- **TASK DIRECTIONS**: What is needed is an exact repeat of the lines from the one holding "Nourrir les micro-organismes" through the final line of the data, with no pictures.

- **INFORMATION GIVEN**:
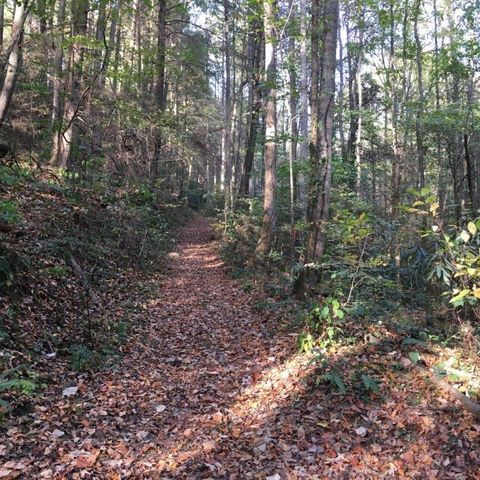 Lot 2 Laurel Overlook Road, Ellijay, GA 30540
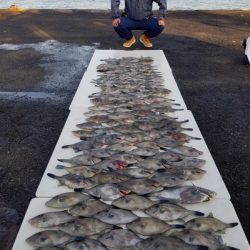 オーフリー 釣果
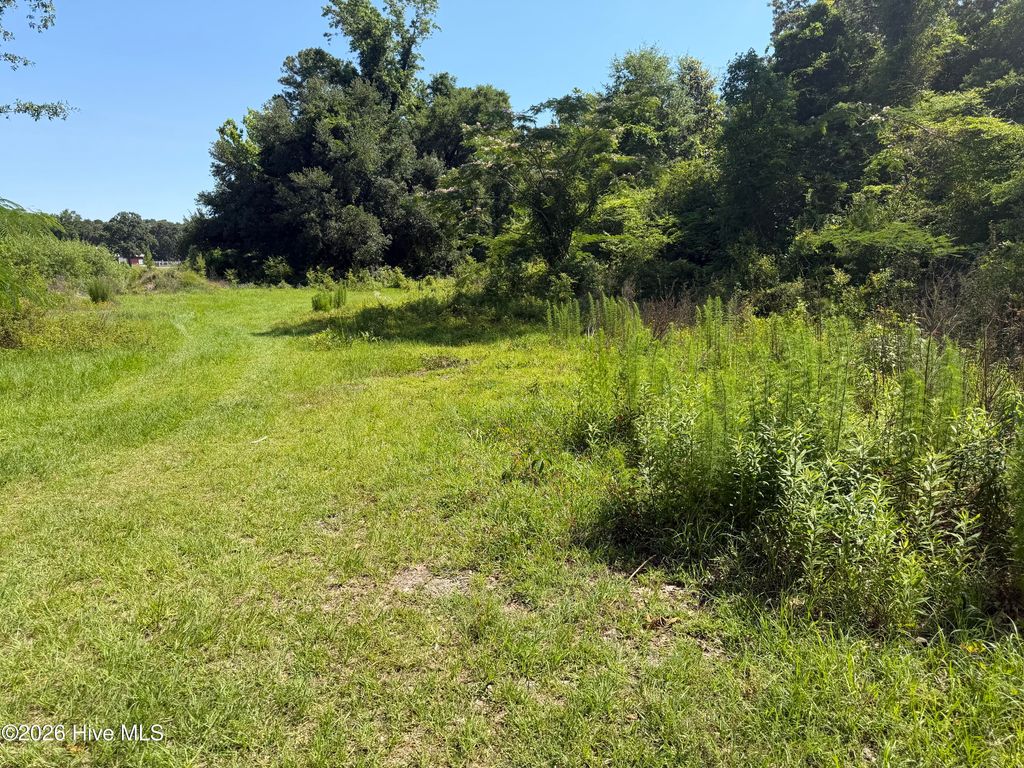 Photo of 2078 Catherine Lake Road, Richlands, NC 28574 (MLS # 100579141)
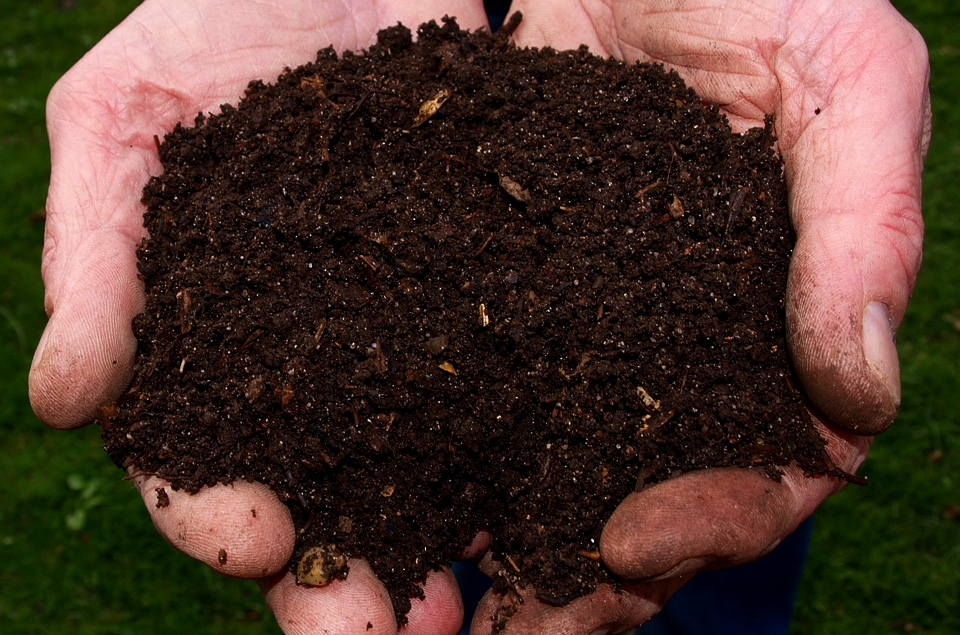 Nourrir les micro-organismes afin de fertiliser les sols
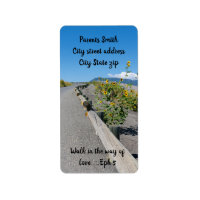 Casual country west mountain road flowers return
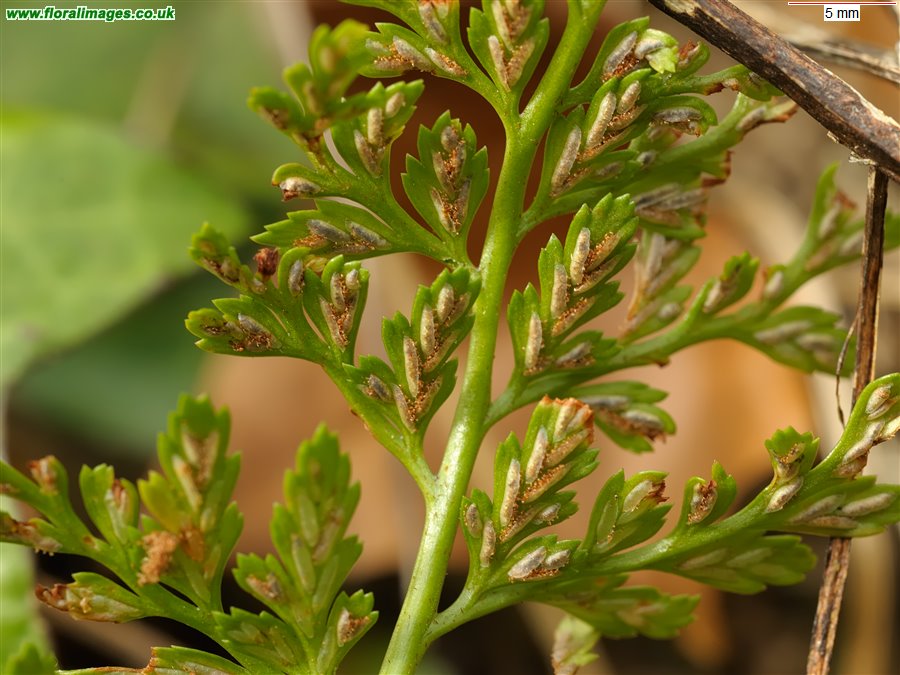 Asplenium onopteris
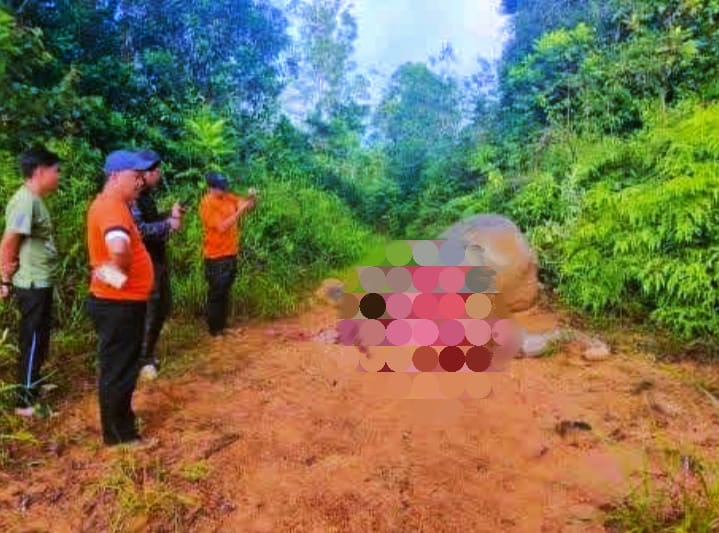 Kematian gajah Borneo di Tongod disyaki jenayah hidupan liar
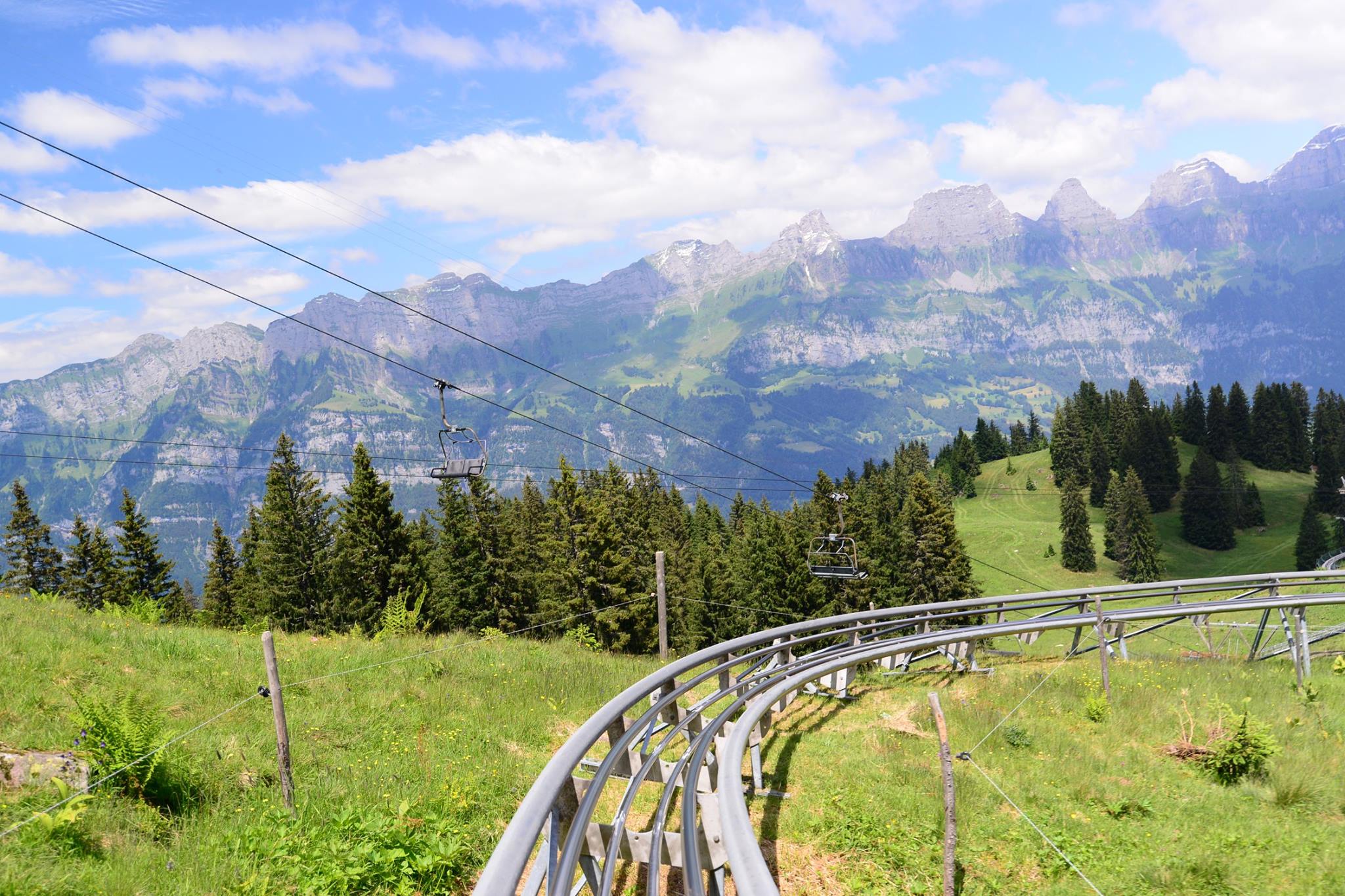 16422542_1731839767145014_3209048169104139879_o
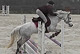 Ozurne Chartrain - photo 5
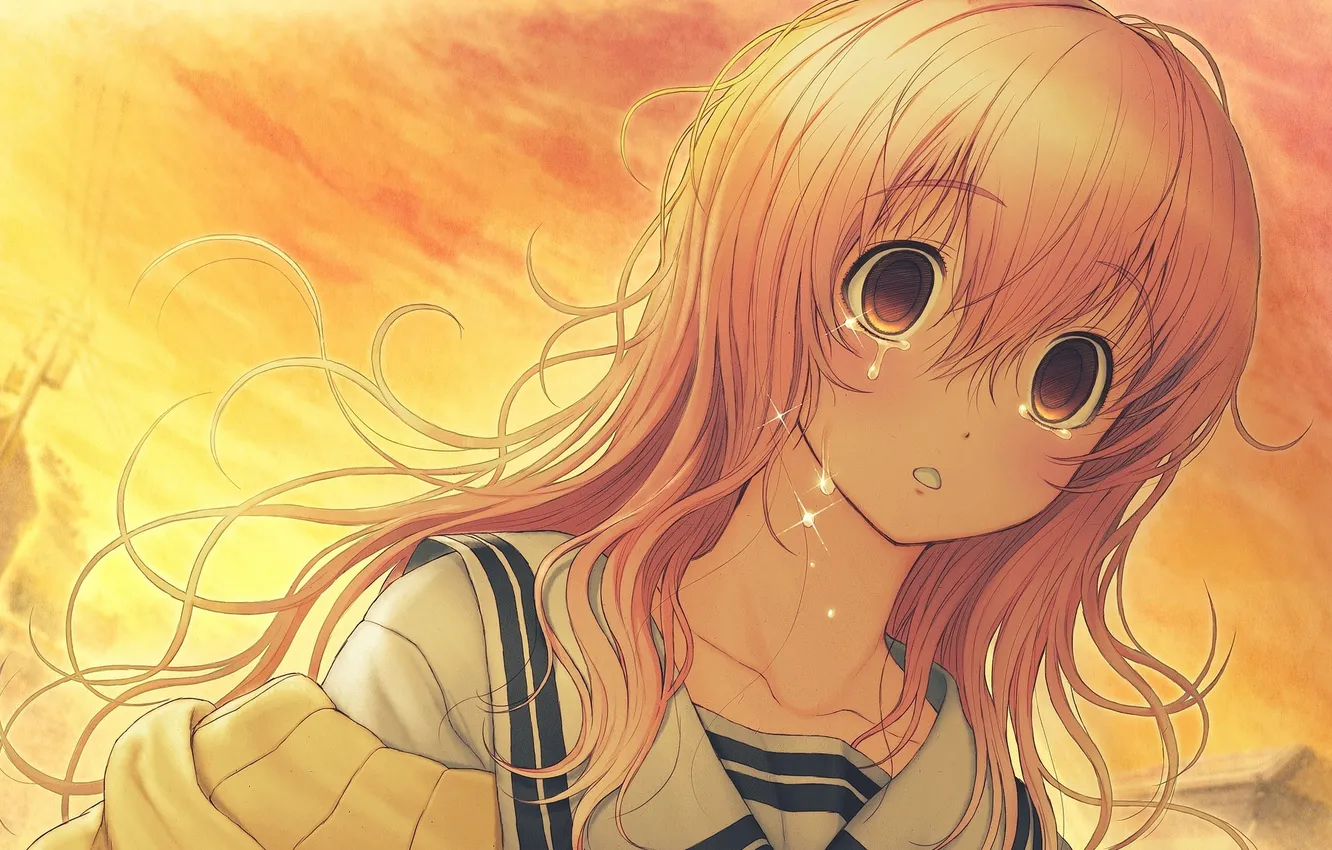 Photo wallpaper the sky, girl, clouds, sunset, the city, home, tears, art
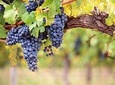 Private Best Organic Wineries Tour Plus Local Lunch from Barcelona 
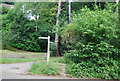 Greensand Way signpost, Wormley Lane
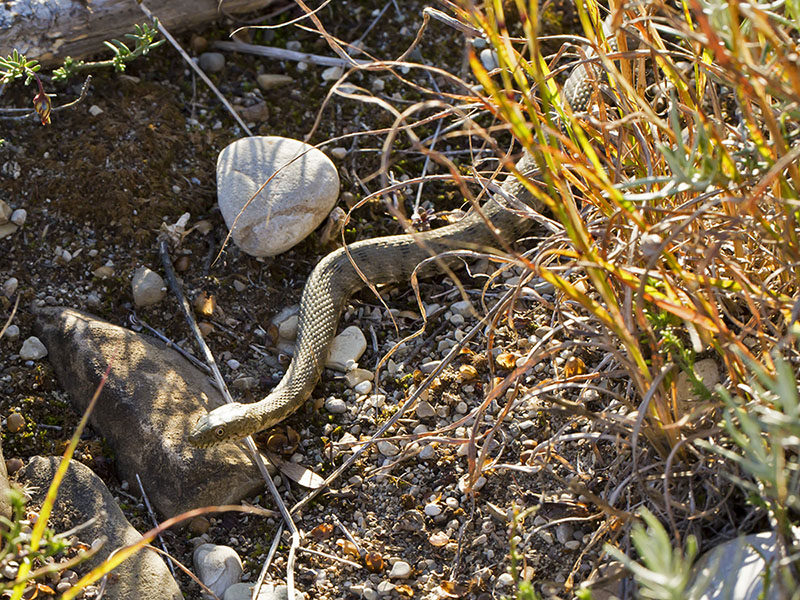 Natrix tessellata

- **EXERCISE SOLUTION**:
 Nourrir les micro-organismes afin de fertiliser les sols
 Casual country west mountain road flowers return
 Asplenium onopteris
 Kematian gajah Borneo di Tongod disyaki jenayah hidupan liar
 16422542_1731839767145014_3209048169104139879_o
 Ozurne Chartrain - photo 5
 Photo wallpaper the sky, girl, clouds, sunset, the city, home, tears, art
 Private Best Organic Wineries Tour Plus Local Lunch from Barcelona 
 Greensand Way signpost, Wormley Lane
 Natrix tessellata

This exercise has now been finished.